New tricks for SeleniumControl and SeleniumTestCase
Posted: November 12, 2007 Filed under: JSF, Selenium, Unit Testing, UnitTest 2 CommentsSince the original post introducing SeleniumControl and SeleniumTestCase these two classes learned some more tricks.
The most annoying thing I noticed about that code was, that I had to trigger the SeleniumTestSuite to be able to run a testcase. So I added a simple method to SeleniumControl (isStarted() returning true if server != null) to allow a testcase to query for that and, in case of need, to start the SeleniumServer on its own. The TestCase class checks for this in its setupBeforeClass()-method…
Now I can start either a SeleniumTestSuite, which results in the server started only once for the whole testsuite, or a SeleniumTestCase, which starts the server just for that single testcase.

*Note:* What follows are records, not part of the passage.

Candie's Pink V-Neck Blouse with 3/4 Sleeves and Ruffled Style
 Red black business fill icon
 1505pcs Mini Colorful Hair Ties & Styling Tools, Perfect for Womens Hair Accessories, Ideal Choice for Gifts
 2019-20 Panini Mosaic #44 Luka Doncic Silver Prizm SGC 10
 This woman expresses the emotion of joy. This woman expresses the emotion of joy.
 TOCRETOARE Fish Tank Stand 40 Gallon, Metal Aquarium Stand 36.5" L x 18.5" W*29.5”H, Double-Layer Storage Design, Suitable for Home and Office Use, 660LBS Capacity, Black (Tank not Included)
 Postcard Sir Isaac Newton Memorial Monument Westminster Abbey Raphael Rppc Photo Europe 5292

At the beginning the restriction did not hurt, only with the evolution of the test-suite (about 125 tests so far…) this started to itch.
After a few testcases I also added a method to SeleniumTestCase to open the web-applications root:
public boolean openAndWaitWebAppRoot() { boolean result = false; try { selenium.open(getWebAppRoot()); selenium.waitForPageToLoad(pageTimeOut); result = true; } catch (Throwable t) { result = false; System.err.println("--- received an exception: " + t); } return result; } public String getWebAppRoot() { return testHost + testAppl; }
very nice post. thanksss . please continue.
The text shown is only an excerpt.